■ Problem statement:
Every line of the material must be set down again without alteration.

■ Source material:
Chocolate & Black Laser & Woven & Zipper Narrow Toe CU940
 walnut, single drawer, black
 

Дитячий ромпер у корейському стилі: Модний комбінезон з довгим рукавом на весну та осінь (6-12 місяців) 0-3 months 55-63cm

■ Response box:
Chocolate & Black Laser & Woven & Zipper Narrow Toe CU940
 walnut, single drawer, black
 

Дитячий ромпер у корейському стилі: Модний комбінезон з довгим рукавом на весну та осінь (6-12 місяців) 0-3 months 55-63cm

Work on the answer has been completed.